> **How to complete this task**: Your task is to copy the lines of the data below from the line holding "Daytime road noise heatmap for HG1 1DL" through the line holding "Classic Real Leather Collar Box Jacket", inclusive, exactly and with nothing added.

> **Extracted information**:
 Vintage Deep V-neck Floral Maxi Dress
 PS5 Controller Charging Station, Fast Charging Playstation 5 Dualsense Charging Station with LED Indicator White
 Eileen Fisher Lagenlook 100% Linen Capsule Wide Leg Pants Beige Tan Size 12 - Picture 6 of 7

* * *

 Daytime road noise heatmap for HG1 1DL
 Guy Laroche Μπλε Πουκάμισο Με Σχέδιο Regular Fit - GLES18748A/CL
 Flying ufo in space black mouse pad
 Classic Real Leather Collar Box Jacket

> **Exercise answer**:
 Daytime road noise heatmap for HG1 1DL
 Guy Laroche Μπλε Πουκάμισο Με Σχέδιο Regular Fit - GLES18748A/CL
 Flying ufo in space black mouse pad
 Classic Real Leather Collar Box Jacket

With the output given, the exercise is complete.